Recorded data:
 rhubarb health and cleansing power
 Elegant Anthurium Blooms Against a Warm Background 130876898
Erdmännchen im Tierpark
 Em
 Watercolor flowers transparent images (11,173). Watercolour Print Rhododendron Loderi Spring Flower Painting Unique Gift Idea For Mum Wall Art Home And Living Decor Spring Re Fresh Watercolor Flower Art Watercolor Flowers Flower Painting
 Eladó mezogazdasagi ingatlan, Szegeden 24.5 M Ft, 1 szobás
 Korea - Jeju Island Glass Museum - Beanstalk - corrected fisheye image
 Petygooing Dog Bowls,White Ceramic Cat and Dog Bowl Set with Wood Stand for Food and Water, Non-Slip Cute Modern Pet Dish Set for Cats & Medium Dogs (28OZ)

--

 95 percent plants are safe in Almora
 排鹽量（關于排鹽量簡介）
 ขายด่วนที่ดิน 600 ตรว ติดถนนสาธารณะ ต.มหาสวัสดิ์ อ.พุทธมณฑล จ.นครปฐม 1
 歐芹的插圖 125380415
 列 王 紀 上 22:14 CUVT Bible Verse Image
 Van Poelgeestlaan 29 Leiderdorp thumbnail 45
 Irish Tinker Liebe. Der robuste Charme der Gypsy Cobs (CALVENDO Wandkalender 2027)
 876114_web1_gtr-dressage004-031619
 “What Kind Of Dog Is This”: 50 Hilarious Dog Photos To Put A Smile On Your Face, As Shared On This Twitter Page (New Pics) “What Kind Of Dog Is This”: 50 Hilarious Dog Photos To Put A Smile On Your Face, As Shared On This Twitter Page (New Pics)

---

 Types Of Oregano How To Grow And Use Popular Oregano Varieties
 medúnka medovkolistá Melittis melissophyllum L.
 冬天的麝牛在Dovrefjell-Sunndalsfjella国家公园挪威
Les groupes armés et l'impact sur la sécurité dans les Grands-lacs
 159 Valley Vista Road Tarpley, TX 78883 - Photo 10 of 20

> **WORK ITEM**: From the records above, retype only the lines starting at the line that contains "medúnka medovkolistá Melittis" and ending at the line that contains "159 Valley Vista", both included.

> **EXERCISE SOLUTION**:
 medúnka medovkolistá Melittis melissophyllum L.
 冬天的麝牛在Dovrefjell-Sunndalsfjella国家公园挪威
Les groupes armés et l'impact sur la sécurité dans les Grands-lacs
 159 Valley Vista Road Tarpley, TX 78883 - Photo 10 of 20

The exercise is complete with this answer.